Pytorch 2.4: Getting Started on Intel GPU¶
The support for Intel GPUs is released alongside PyTorch v2.4.
This release only supports build from source for Intel GPUs.
Hardware Prerequisites¶
Supported Hardware |
Intel® Data Center GPU Max Series |
---|---|
Supported OS |
Linux |
PyTorch for Intel GPUs is compatible with Intel® Data Center GPU Max Series and only supports OS Linux with release 2.4.
Software Prerequisites¶
As a prerequisite, install the driver and required packages by following the PyTorch Installation Prerequisites for Intel GPUs.
Set up Environment¶
Before you begin, you need to set up the environment. This can be done by sourcing the setvars.sh
script provided by the intel-for-pytorch-gpu-dev
and intel-pti-dev
packages.
source ${ONEAPI_ROOT}/setvars.sh
Note
The ONEAPI_ROOT
is the folder you installed your intel-for-pytorch-gpu-dev
and intel-pti-dev
packages. Typically, it is located at /opt/intel/oneapi/
or ~/intel/oneapi/
.
Build from source¶
Now we have all the required packages installed and environment acitvated. Use the following commands to install pytorch
, torchvision
, torchaudio
by building from source. For more details, refer to official guides in PyTorch from source, Vision from source and Audio from source.
# Get PyTorch Source Code
git clone --recursive https://github.com/pytorch/pytorch
cd pytorch
git checkout main # or checkout the specific release version >= v2.4
git submodule sync
git submodule update --init --recursive
# Get required packages for compilation
conda install cmake ninja
pip install -r requirements.txt
# Pytorch for Intel GPUs only support Linux platform for now.

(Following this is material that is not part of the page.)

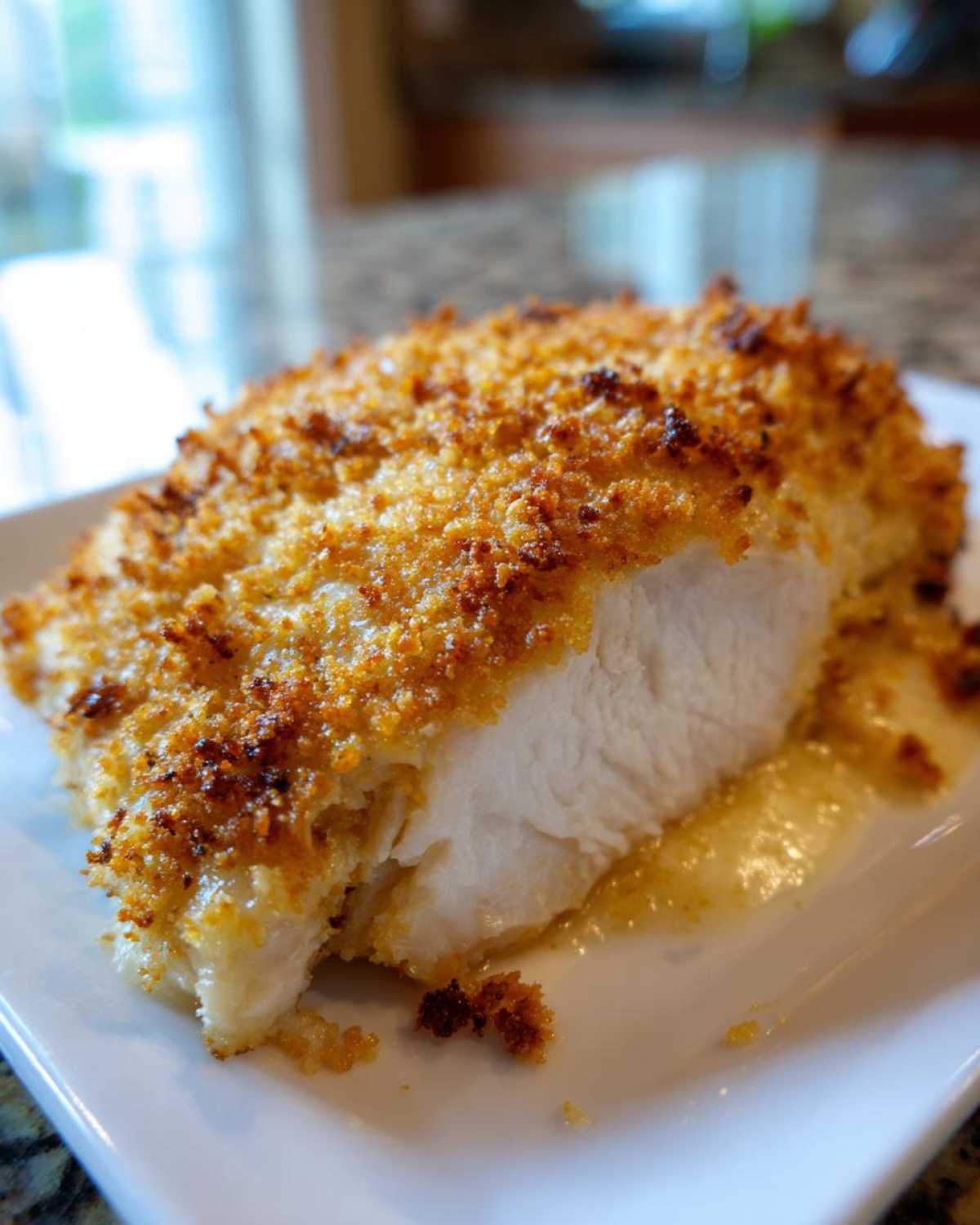 Close-up of a perfectly cooked, juicy caesar chicken breast with a golden, crispy breadcrumb crust, sliced open.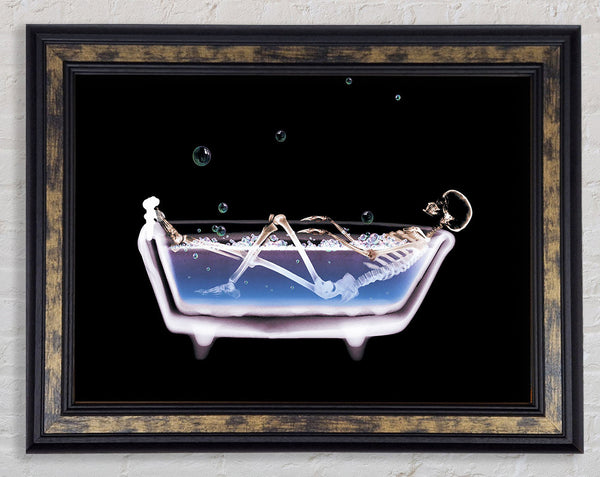 Bubble Bath Skeleton Framed Print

# Install the required packages for pytorch compilation.
conda install intel::mkl-static intel::mkl-include
# (optional) If using torch.compile with inductor/triton, install the matching version of triton
# Run from the pytorch directory after cloning
# For Intel GPU support, please explicitly `export USE_XPU=1` before running command.
USE_XPU=1 make triton
# If you would like to compile PyTorch with new C++ ABI enabled, then first run this command:
export _GLIBCXX_USE_CXX11_ABI=1
# pytorch build from source
export CMAKE_PREFIX_PATH=${CONDA_PREFIX:-"$(dirname $(which conda))/../"}
python setup.py develop
cd ..
# (optional) If using torchvison.
# Get torchvision Code
git clone https://github.com/pytorch/vision.git
cd vision
git checkout main # or specific version
python setup.py develop
cd ..
# (optional) If using torchaudio.
# Get torchaudio Code
git clone https://github.com/pytorch/audio.git
cd audio
pip install -r requirements.txt
git checkout main # or specific version
git submodule sync
git submodule update --init --recursive
python setup.py develop
cd ..
Check availability for Intel GPU¶
Note
Make sure the environment is properly set up by following Environment Set up before running the code.

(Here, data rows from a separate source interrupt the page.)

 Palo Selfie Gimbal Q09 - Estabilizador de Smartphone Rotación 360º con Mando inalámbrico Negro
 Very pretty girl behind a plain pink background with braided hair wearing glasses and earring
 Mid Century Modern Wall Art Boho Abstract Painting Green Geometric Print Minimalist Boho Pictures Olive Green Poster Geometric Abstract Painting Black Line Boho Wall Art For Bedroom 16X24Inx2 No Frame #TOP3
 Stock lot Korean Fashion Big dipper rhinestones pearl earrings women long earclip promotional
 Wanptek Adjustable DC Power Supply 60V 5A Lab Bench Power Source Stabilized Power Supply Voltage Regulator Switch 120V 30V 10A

To check if your Intel GPU is available, you would typically use the following code:
import torch
torch.xpu.is_available() # torch.xpu is the API for Intel GPU support
If the output is False
, ensure that you have Intel GPU in your system and correctly follow the PyTorch Installation Prerequisites for Intel GPUs. Then, check that the PyTorch compilation is correctly finished.
Minimum Code Change¶
If you are migrating code from cuda
, you would change references from cuda
to xpu
. For example:
# CUDA CODE
tensor = torch.tensor([1.0, 2.0]).to("cuda")
# CODE for Intel GPU
tensor = torch.tensor([1.0, 2.0]).to("xpu")
The following points outline the support and limitations for PyTorch with Intel GPU:
Both training and inference workflows are supported.
Both eager mode and
torch.compile
is supported.Data types such as FP32, BF16, FP16, and Automatic Mixed Precision (AMP) are all supported.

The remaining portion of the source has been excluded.